(EXERCISE INSTRUCTIONS)
All that is needed is the line containing "Pink-Hat Men'S Graphic" and the lines after it to the end of the material, written out exactly, pictures left aside.

(INFORMATION SHOWN)
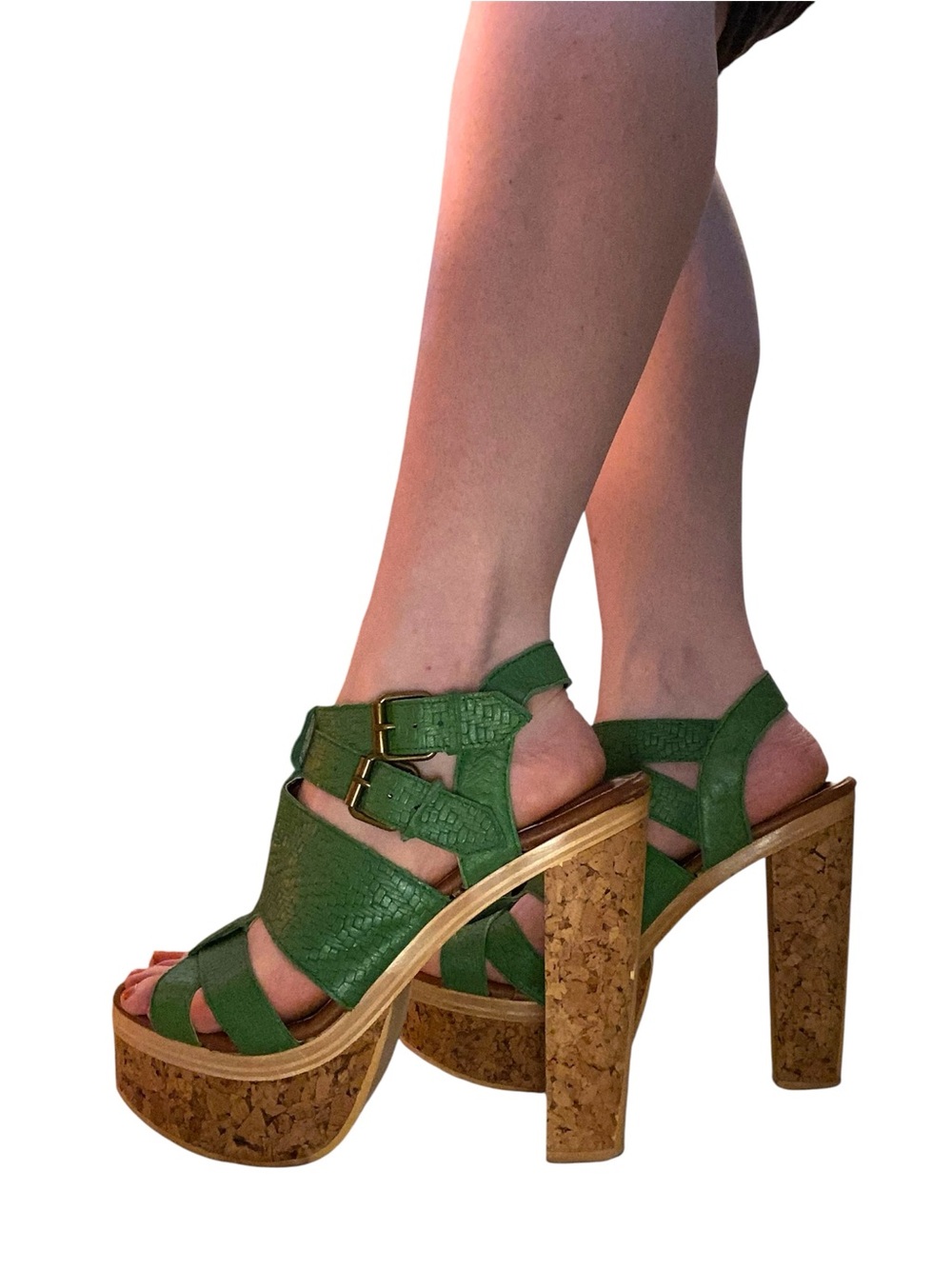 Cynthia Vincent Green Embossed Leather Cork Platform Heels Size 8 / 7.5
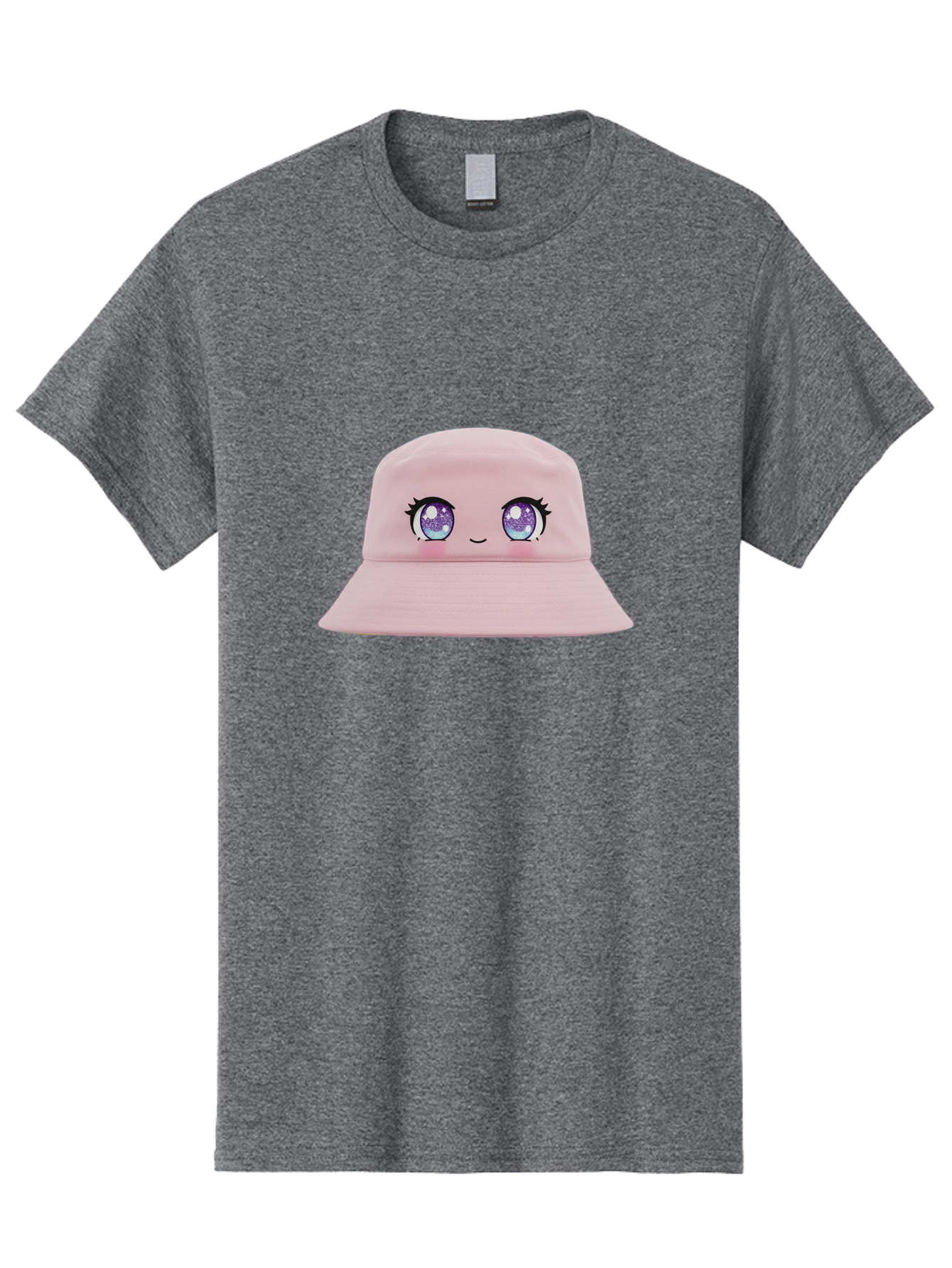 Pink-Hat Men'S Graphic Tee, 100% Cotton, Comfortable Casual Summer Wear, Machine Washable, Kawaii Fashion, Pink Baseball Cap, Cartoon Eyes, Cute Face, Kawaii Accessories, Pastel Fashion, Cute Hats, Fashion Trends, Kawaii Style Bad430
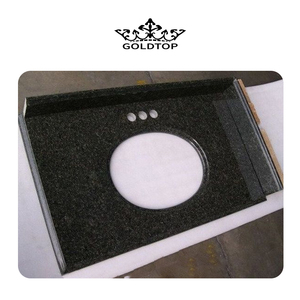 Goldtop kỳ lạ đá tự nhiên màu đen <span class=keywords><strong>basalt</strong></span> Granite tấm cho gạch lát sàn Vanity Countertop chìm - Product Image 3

(EXERCISE OUTPUT)
 Pink-Hat Men'S Graphic Tee, 100% Cotton, Comfortable Casual Summer Wear, Machine Washable, Kawaii Fashion, Pink Baseball Cap, Cartoon Eyes, Cute Face, Kawaii Accessories, Pastel Fashion, Cute Hats, Fashion Trends, Kawaii Style Bad430
 Goldtop kỳ lạ đá tự nhiên màu đen <span class=keywords><strong>basalt</strong></span> Granite tấm cho gạch lát sàn Vanity Countertop chìm - Product Image 3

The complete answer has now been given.